Along with the growing Florida team being added to the loose confederation of volunteer activists across the state — some of who are grumbling about the new emphasis on establishment political professionals — Cain recently hired respected former Iowa state Republican chairman Scott Grubbs to lead his effort there.
"We believe that Herman Cain's momentum from his win at the state convention last month is just a harbinger of things to come," said Goodman, one of Florida's most sought-after political consultants. "This is not like people are bummed out about Romney, they're just incredibly enthusiastic about Herman. ... He has the message and the sustainability to win."
Hillsborough County Republican chairwoman Deborah Cox-Roush on Tuesday resigned her position to join Cain's campaign as director of county chairs. She joins an organizing team that includes Kamilah Prince of Tallahassee as director of coalitions, St. Petersburg insurance company executive Barbara Haselden as a director of 9/12 Patriots, Lou Marin of Orlando as a director of flat tax and tea party supporters, and Nancy Hayes of Miami Beach as volunteer coordinator.
Meanwhile, Perry is looking to re-boot his faltering campaign, which had been seen as the main threat to Romney until Perry faltered and Cain surged. On Tuesday, Perry proposed scrapping the nation's graduated income tax and replacing it with a 20 percent flat tax — a proposal echoing Cain's "9-9-9 plan" that includes a 9 percent personal income tax, a 9 percent national sales tax and a 9 percent tax on businesses.
Perry this week also added some veteran campaign consultants: pollster Tony Fabrizio and media consultant Nelson Warfield, who both worked on Scott's successful and often blisteringly negative 2010 Florida gubernatorial campaign.
Romney has a vast network of supporters and elite fundraisers developed over nearly six years of campaigning in Florida.

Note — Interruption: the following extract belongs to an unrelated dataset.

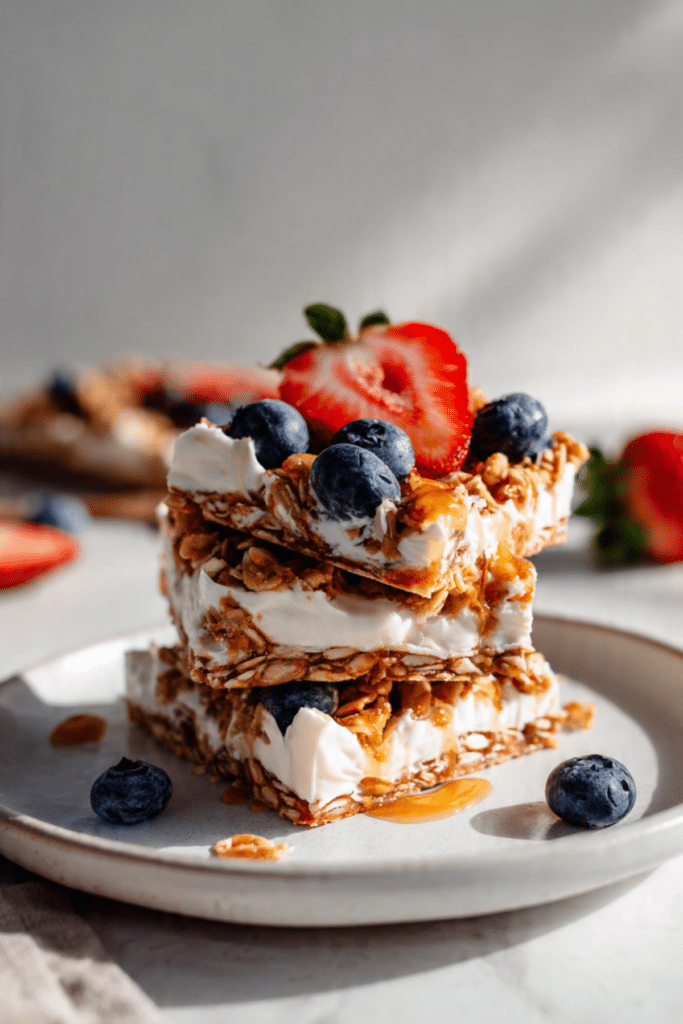 Yogurt Granola Breakfast Bark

On Tuesday, he touted the endorsements of 24 state legislators, adding to the 12 already on board.
"Mitt Romney has the strongest leadership team, the strongest finance team, and the strongest grass-roots organization of any of the presidential candidates in Florida," said Brett Doster, a senior adviser to the Romney campaign. "To date, we have announced key leaders from the Bush era who are experienced in (get-out-the-vote) operations as well as the support of Adam Putnam, Jeff Atwater, and 36 legislators, and we are just getting started. We are running a focused game plan and taking nothing for granted, but we are confident of victory in January."
Despite the establishment support for Romney, many conservative activists are skeptical of his conservative principles and have been looking for an alternative to the ostensible frontrunner.
"Over the past month or so, what I've heard from Romney supporters is not enthusiasm for Romney but enthusiasm for the hope of (Marco) Rubio being Romney's running mate," said Sarah Rumpf, a Republican consultant in Orlando who has been helping Cain, noting that Rubio has been firm that he will not run for vice president.
Shanahan suggested that while Romney's business experience is impressive, Cain's is more so, having risen from humble roots to become an successful executive at corporations including Pillsbury, Burger King, Godfather's, and as a director of the Federal Reserve Bank in Kansas City.
"Mr. Romney was an investor in business. Mr. Cain ran businesses. He grew them and ran them," Shanahan said.
Similar to recent Florida polls, a New York Times/CBS poll released Tuesday showed Cain leading nationally among likely Republican voters with 25 percent support, compared to 21 percent for Romney, 10 percent for former U.S. House Speaker Newt Gingrich, 8 percent for Texas Rep. Ron Paul and 6 percent for Texas Gov. Perry.